Stored items:

------

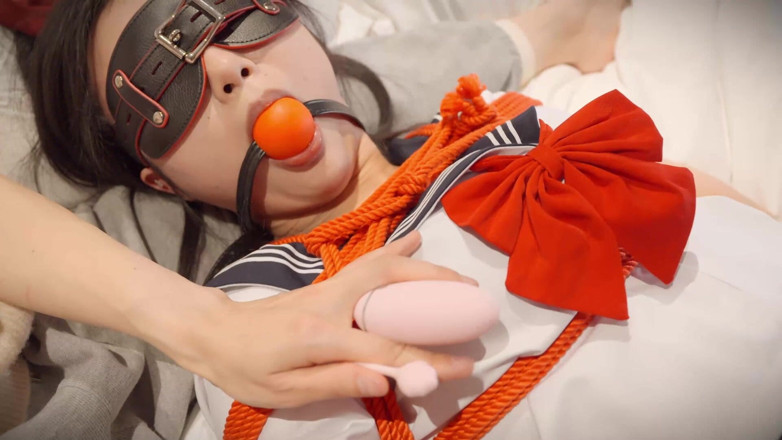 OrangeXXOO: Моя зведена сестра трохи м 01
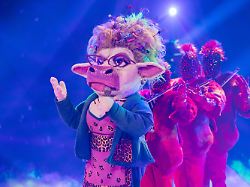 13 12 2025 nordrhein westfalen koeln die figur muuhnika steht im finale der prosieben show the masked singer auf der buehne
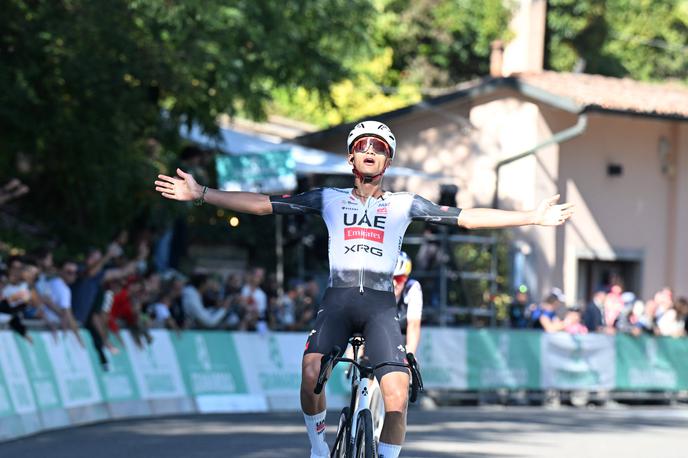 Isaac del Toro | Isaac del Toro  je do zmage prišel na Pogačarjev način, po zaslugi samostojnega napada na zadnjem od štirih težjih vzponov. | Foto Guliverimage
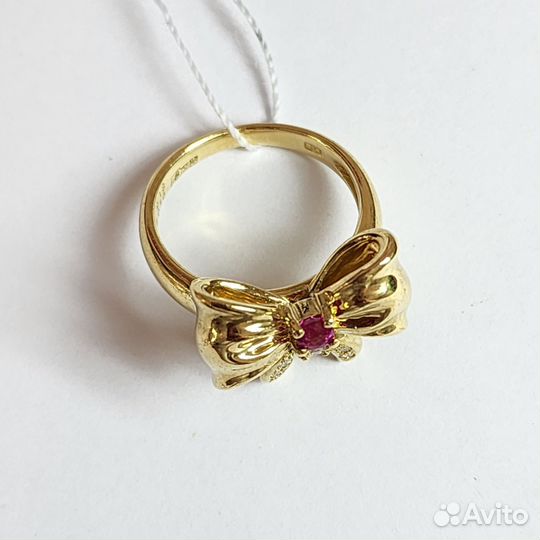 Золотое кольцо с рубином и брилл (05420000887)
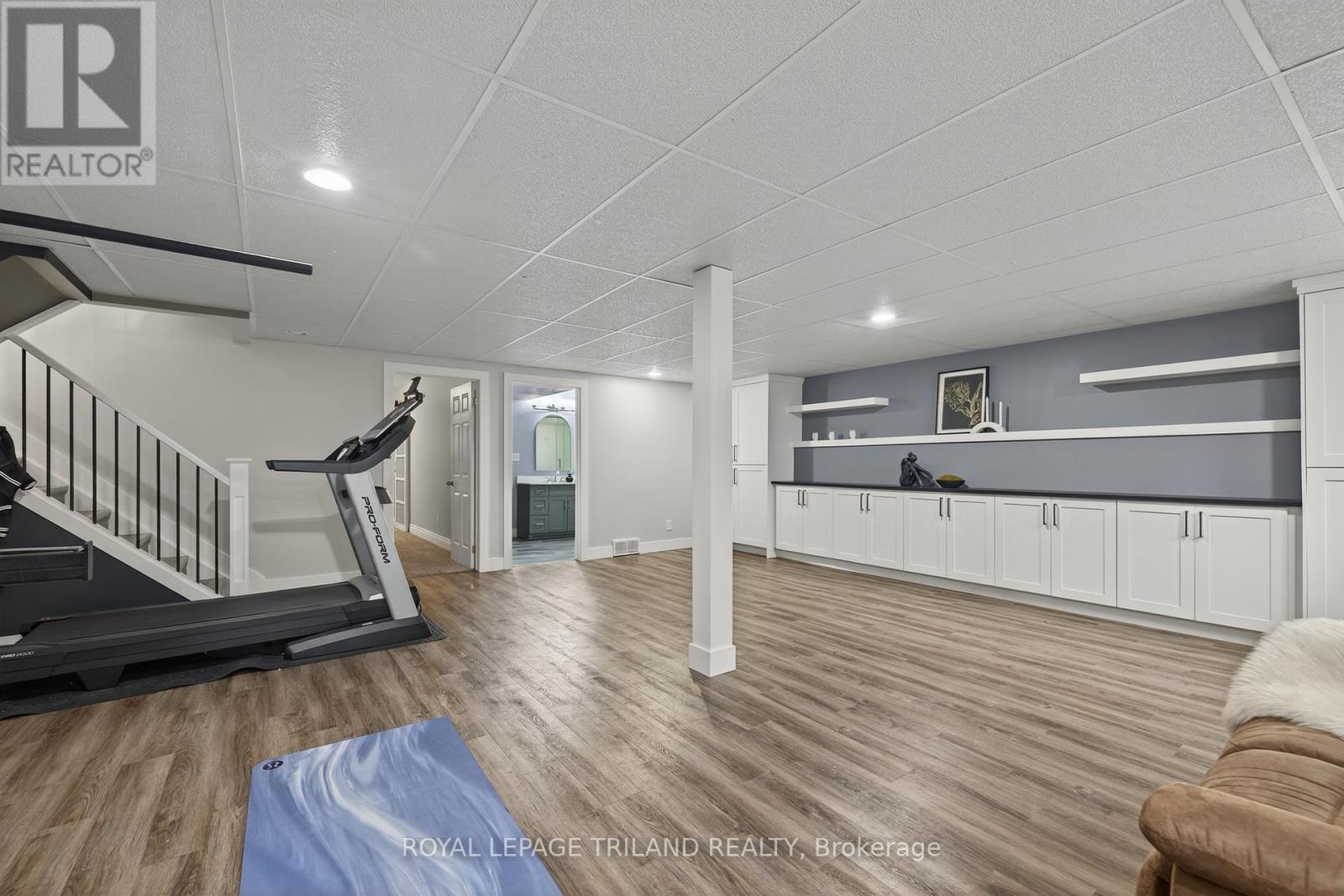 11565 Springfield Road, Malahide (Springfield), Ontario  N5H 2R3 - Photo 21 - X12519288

------

* _YOUR ASSIGNMENT_:
The records, exactly as written but without images, should be returned.

* _ANSWER TO THE EXERCISE_:
 OrangeXXOO: Моя зведена сестра трохи м 01
 13 12 2025 nordrhein westfalen koeln die figur muuhnika steht im finale der prosieben show the masked singer auf der buehne
 Isaac del Toro | Isaac del Toro  je do zmage prišel na Pogačarjev način, po zaslugi samostojnega napada na zadnjem od štirih težjih vzponov. | Foto Guliverimage
 Золотое кольцо с рубином и брилл (05420000887)
 11565 Springfield Road, Malahide (Springfield), Ontario  N5H 2R3 - Photo 21 - X12519288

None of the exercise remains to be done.